Is formed. The gap from the chamber 48 to the space 34 is very narrow. Further, the hole 32 does not reach the chamber 48. When the pump is stopped, the chamber 48 has a first tubular portion 42 and a second tubular portion 46.
The fluid in the space 34 gradually flows in from the fitting gap with (in use, water is generally filled).

The fitting between the first tubular portion 42 and the second tubular portion 46 may be a fitting relationship between the outer diameter of the first tubular portion 42 and the inner diameter of the second tubular portion 46.

With the above configuration, when the pump operates and the blades 20 rotate, the water in the space portion 34 is discharged from the hole 32 of the cover 40, and the space portion 34 excluding the chamber 48 is in a negative pressure state.
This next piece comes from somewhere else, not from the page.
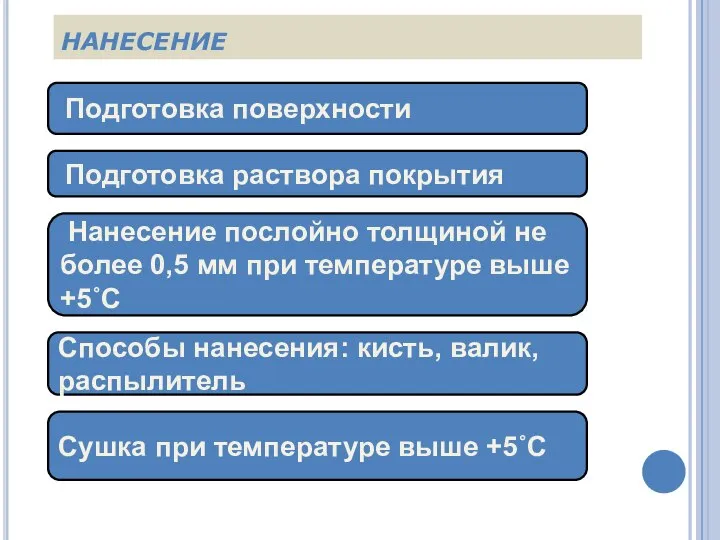 НАНЕСЕНИЕ Подготовка поверхности Подготовка раствора покрытия Нанесение послойно толщиной не более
Becomes However, since the chamber 48 provided in the space 34 is filled with water, and the gap leading from the chamber 48 to the space 34 is very narrow, a negative pressure does not reach the chamber 48.

[Advantage of the Invention] As described above, according to the pump of the present invention, a region to which negative pressure is not applied is formed in the space formed by the cover and the impeller. Therefore, it is possible to reduce the area to which the negative pressure is applied as compared with the conventional space portion to reduce the resistance applied to the actuator, and to make the actuator have a smaller operating force than the conventional one.

Further, since the first cylindrical portion of the cover and the second cylindrical portion of the impeller are in a fitting relationship, it is possible to serve also as centering between the cover and the impeller.

[Brief description of drawings]

1 and 2 are cross-sectional views showing an embodiment of the pump according to the present invention. FIG. 1 is a cross-sectional view showing a state in which the amount of delivered water is minimum, and FIG. 2 is a state in which the amount of delivered water is maximum. Sectional drawing, FIG. 3 is a sectional view showing a state in which a conventional pump delivers a minimum amount of water, FIG. 4 is a sectional view showing a state in which a conventional pump delivers a maximum amount of water, and FIG. 5 is a front view of a cover. is there. 10 ... Casing, 16 ... Vortex chamber, 18 ... Rotating shaft, 20 ... Blade, 32 ... Hole, 34 ... Space part, 36 ... Sliding rod, 38 ... Actuator, 40 ... Cover , 42 ... first cylinder part, 44 ... impeller, 46 ... second cylinder part, 48 ... chamber.

Claims (1)

[Scope of utility model registration request] 1. A casing having a volute chamber formed therein, an impeller attached to a rotating shaft, a plurality of vanes attached to the impeller, and a vane facing the volute chamber. A cover having a hole formed therein and attached slidably in the axial direction of the rotary shaft; and an actuator having a sliding means for adjusting a protruding movement amount of the cover toward the volute-shaped chamber. In a pump in which a space is formed between the impeller, a first cylinder is formed on the space side of the cover, and a second cylinder is formed on the space side of the impeller. The pump and the second cylinder are fitted and engaged so as not to come off during the entire stroke of the cover.